Tuesday, February 19, 2008

LIDAR map out lava flows in Grand Canyon

The Grand Canyon was not just carved by water. It has also been the scene of periodic wars between the Colorado River and volcanic eruptions that dammed the river, then burst.

New airborne elevation survey data and radioisotope dating of Grand Canyon lava flows sheds new light on the battle between water and molten rocks there over the past 725,000 years.

Collecting data

To sort out all the lava flows, Crow and his colleagues used light detection and ranging (LIDAR) data that was originally collected for the Grand Canyon Monitoring and Research Center in the northern hemisphere spring of 2000.

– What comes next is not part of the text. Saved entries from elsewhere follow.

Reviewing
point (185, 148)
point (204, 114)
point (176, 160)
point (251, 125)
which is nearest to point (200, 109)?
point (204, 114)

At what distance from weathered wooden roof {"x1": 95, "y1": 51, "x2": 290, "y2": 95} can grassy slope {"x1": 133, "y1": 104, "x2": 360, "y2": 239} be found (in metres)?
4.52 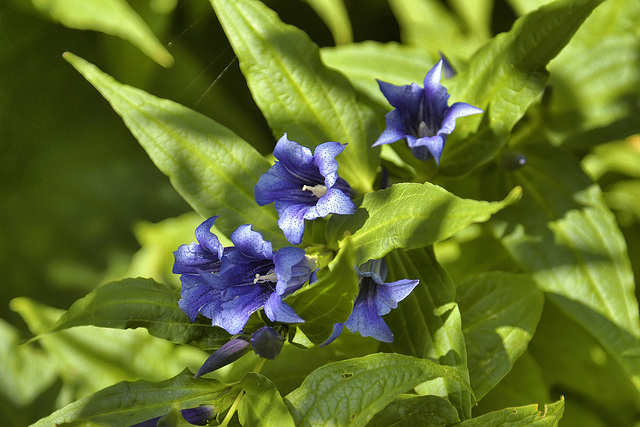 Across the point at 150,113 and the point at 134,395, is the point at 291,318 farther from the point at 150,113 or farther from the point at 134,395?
the point at 150,113

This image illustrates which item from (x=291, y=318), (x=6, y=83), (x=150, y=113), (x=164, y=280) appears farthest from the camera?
(x=164, y=280)

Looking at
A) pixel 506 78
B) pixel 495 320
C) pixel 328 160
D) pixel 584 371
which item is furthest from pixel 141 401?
pixel 584 371

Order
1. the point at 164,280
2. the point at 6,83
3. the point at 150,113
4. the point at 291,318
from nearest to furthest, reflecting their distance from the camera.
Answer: the point at 291,318, the point at 150,113, the point at 6,83, the point at 164,280

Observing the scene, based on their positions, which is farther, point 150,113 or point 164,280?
point 164,280

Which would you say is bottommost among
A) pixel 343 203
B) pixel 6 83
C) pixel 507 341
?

The LIDAR survey data allowed the team to map out the lava flows in relation to sea level, making it easier to identify the tops and bottoms of the lava flows seen pasted on the walls of the canyons.

As for exactly how the lava dams worked, how far they backed up water and how violently they failed, that's all still largely a matter of conjecture.

"There are many possible scenarios and explanations for how the dams were formed or were destroyed, and it's likely that we'll never know them all," says Dr Cassandra Fenton, a geochemist at GeoForschungsZentrum Potsdam in Germany.

Fenton has studied what may be some of the largest lava dams in the Grand Canyon and their outburst floods."It makes you wish you could have been standing on the rim of the Grand Canyon watching it all happen when those lavas were damming the river, or see when the river finally overtook the dams," she says.